PART I
1
THE CENTER OF THE SPIRITUAL VISION
OF FRANCIS AND CLARE:
THE PROFOUND RELATIONSHIP
BETWEEN GOD AND CREATION
KENAN B. OSBORNE, O.F.M.
The Franciscan moral vision
emphasizes a dynamic realization
of creative and loving freedom in response to God’s love.
The goal of this opening chapter can be stated in a simple way: to describe the spiritual vision of Francis and Clare. The foundation of their spiritual vision centers on three issues: the Triune God, the created world, and the profound relationship between the Triune God and creation. It was through this relational approach between God and creature that both Francis and Clare viewed the incarnation of the Logos in Jesus, the presence of the Spirit of God throughout all of creation, the blessing of the church, and the morally correct way of Christian living.
In time, the spiritual vision of Francis and Clare became the seedbed of the Franciscan intellectual tradition.1 Their spiritual insight into the relationship of created reality and the beauty of God gave rise to the Franciscan tradition, which Alexander of Hales, Bonaventure of Bagnoregio, and John Duns Scotus began to develop in a scholarly way during the thirteenth century and the beginning of the fourteenth century.
Neither Francis nor Clare had been trained in a scholarly way. Rather, their faith had been nourished in the ordinary medieval and European traditions of Christian teaching and spirituality of the late twelfth and early thirteenth centuries. Nonetheless, the eventual form of their religious life and their understanding of God occasioned a powerful spiritual movement as well as a distinctive theological approach to Christian life and thought, which has lasted down to the beginning of the third millennium.2
Francis’s and Clare’s understanding of the church and of spirituality was not rural but urban. Their leaders in Assisi were not only the clergy but also the educated and financially independent lay people. Francis and Clare were both literate and had read, at least to some degree, not only the Gospels but also other spiritual writings. In their view, a monastic or clerical vocation was no longer the only way to develop spiritual insight and spiritual life. Given all of this, one can conclude that the spiritual vision of both Francis and Clare was shaped in large measure by the theological, economic, and political changes of their age.

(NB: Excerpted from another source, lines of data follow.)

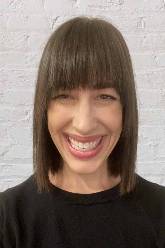 Paige Chant Head and Shoulders Shot of Paige Chant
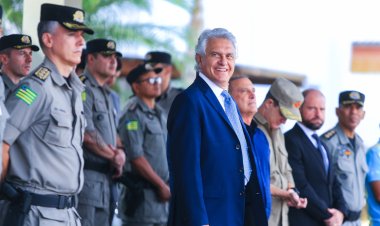 Goiás tem queda de até 92% na criminalidade em 2024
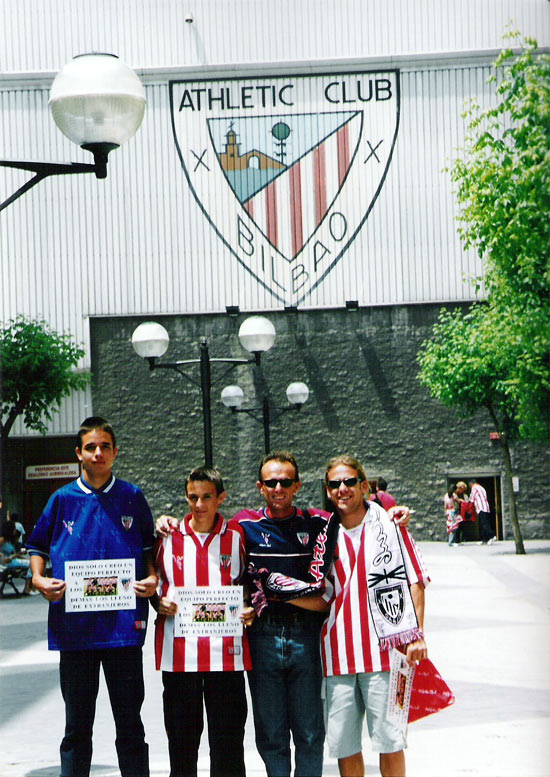 Todos en Bilbao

The vision of Francis, as mentioned above, was deeply centered on the Triune God, the created world, and the profound relationship between the triune God and creation. Let us consider each of these in detail.
I. THE TRIUNE GOD
In almost all of his writings, Francis mentions God, often using descriptive language. The adjectives and phrases he uses to describe God help us to see the ways in which Francis understood God. For instance, in his Exposition of the Our Father, he writes:
Our Father most holy: Our Creator, Redeemer, Consoler, and Savior. Who are in heaven: In the angels and the saints, enlightening them to know, for You, Lord, are light; inflaming them to love, for You, Lord, are love; dwelling in them and filling them with happiness, for You, Lord, are Supreme Good, The Eternal Good, from Whom all good comes without Whom there is no good.3
However, it took a lifetime for Francis himself to reach a deep understanding of God, and his life-journey had many high points and many low points. In 1204, Francis decided to join the imperial forces at war in Apulia, but on his way to Apulia he had a religious experience which began to change the goals of his life. In 1205, while praying in the chapel of San Damiano on the outskirts of Assisi, Francis again experienced the presence of God, and his goals became somewhat clearer. On this occasion, he chose to live in a manner of life which replicated the poverty of Jesus.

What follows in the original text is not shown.